● **Excerpted records**:
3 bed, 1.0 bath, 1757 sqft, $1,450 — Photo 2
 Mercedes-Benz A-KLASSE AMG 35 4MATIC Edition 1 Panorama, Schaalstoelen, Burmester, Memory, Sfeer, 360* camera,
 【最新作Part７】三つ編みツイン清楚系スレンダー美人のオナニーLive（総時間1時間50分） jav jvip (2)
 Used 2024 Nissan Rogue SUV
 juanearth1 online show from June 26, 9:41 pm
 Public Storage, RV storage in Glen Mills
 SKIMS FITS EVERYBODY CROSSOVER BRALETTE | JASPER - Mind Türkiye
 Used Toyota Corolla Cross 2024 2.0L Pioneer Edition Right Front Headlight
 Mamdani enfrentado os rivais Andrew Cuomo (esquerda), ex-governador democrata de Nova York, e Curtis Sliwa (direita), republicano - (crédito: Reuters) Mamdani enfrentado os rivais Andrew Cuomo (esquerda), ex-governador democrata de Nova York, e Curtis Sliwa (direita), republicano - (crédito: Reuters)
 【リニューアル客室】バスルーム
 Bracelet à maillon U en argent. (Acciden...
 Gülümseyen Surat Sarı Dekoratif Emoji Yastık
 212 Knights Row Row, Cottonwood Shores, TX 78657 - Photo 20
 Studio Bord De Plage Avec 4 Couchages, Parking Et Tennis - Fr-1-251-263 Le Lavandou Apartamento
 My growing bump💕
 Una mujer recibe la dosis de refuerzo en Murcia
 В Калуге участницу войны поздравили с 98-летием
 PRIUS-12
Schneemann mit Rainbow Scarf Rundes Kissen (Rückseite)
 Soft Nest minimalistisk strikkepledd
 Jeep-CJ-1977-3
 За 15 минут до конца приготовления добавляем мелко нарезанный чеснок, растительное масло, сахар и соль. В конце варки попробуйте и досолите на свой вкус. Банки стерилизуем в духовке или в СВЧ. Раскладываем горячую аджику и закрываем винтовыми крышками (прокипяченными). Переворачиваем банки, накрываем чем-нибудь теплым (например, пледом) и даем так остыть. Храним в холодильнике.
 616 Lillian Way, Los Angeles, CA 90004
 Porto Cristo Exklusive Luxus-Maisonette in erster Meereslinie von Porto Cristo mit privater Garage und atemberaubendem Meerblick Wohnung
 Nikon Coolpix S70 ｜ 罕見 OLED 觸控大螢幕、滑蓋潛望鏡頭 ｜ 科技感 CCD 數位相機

● **Exercise goal**: Copy the records above exactly, starting at the line that contains "Gülümseyen Surat Sarı Dekoratif Emoji Yastık" and ending at the last line, and leave out all earlier lines.

● **The completed task**:
 Gülümseyen Surat Sarı Dekoratif Emoji Yastık
 212 Knights Row Row, Cottonwood Shores, TX 78657 - Photo 20
 Studio Bord De Plage Avec 4 Couchages, Parking Et Tennis - Fr-1-251-263 Le Lavandou Apartamento
 My growing bump💕
 Una mujer recibe la dosis de refuerzo en Murcia
 В Калуге участницу войны поздравили с 98-летием
 PRIUS-12
Schneemann mit Rainbow Scarf Rundes Kissen (Rückseite)
 Soft Nest minimalistisk strikkepledd
 Jeep-CJ-1977-3
 За 15 минут до конца приготовления добавляем мелко нарезанный чеснок, растительное масло, сахар и соль. В конце варки попробуйте и досолите на свой вкус. Банки стерилизуем в духовке или в СВЧ. Раскладываем горячую аджику и закрываем винтовыми крышками (прокипяченными). Переворачиваем банки, накрываем чем-нибудь теплым (например, пледом) и даем так остыть. Храним в холодильнике.
 616 Lillian Way, Los Angeles, CA 90004
 Porto Cristo Exklusive Luxus-Maisonette in erster Meereslinie von Porto Cristo mit privater Garage und atemberaubendem Meerblick Wohnung
 Nikon Coolpix S70 ｜ 罕見 OLED 觸控大螢幕、滑蓋潛望鏡頭 ｜ 科技感 CCD 數位相機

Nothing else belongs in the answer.